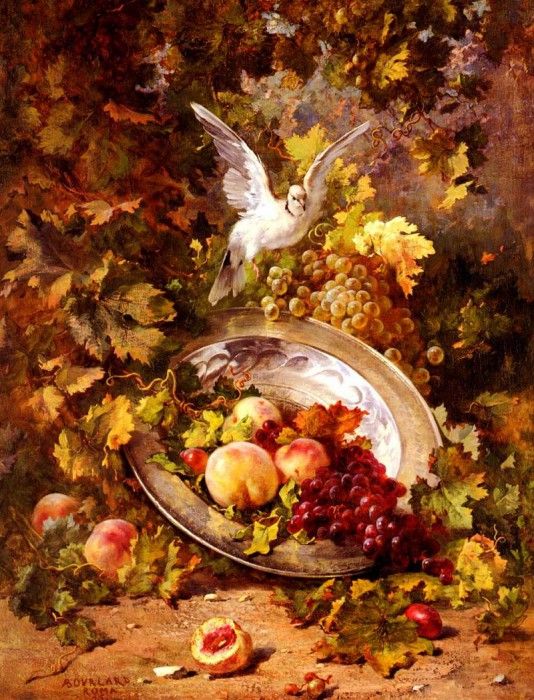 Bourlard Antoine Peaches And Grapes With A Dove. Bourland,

____

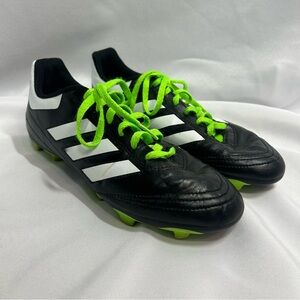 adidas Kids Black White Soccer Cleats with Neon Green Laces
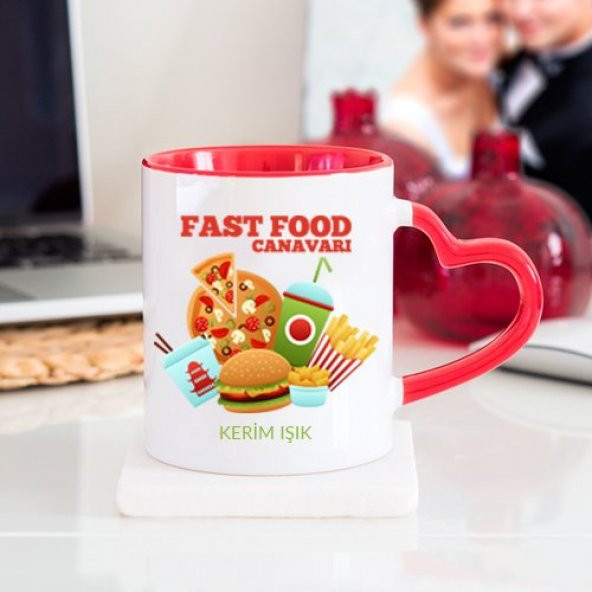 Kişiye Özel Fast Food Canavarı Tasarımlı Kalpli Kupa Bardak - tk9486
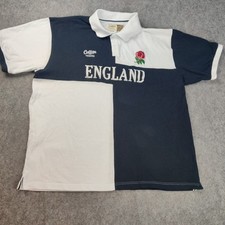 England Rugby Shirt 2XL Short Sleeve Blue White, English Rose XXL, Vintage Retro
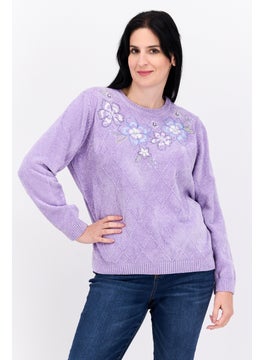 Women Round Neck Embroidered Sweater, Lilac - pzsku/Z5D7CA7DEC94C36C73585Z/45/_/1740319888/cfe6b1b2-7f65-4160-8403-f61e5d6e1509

____

--- Aim of the exercise ---
A clean copy is needed of the lines above from the one with "Kişiye Özel Fast" up to and including the one with "Women Round Neck". Please set it down exactly, with no pictures.

--- Your response ---
 Kişiye Özel Fast Food Canavarı Tasarımlı Kalpli Kupa Bardak - tk9486
 England Rugby Shirt 2XL Short Sleeve Blue White, English Rose XXL, Vintage Retro
 Women Round Neck Embroidered Sweater, Lilac - pzsku/Z5D7CA7DEC94C36C73585Z/45/_/1740319888/cfe6b1b2-7f65-4160-8403-f61e5d6e1509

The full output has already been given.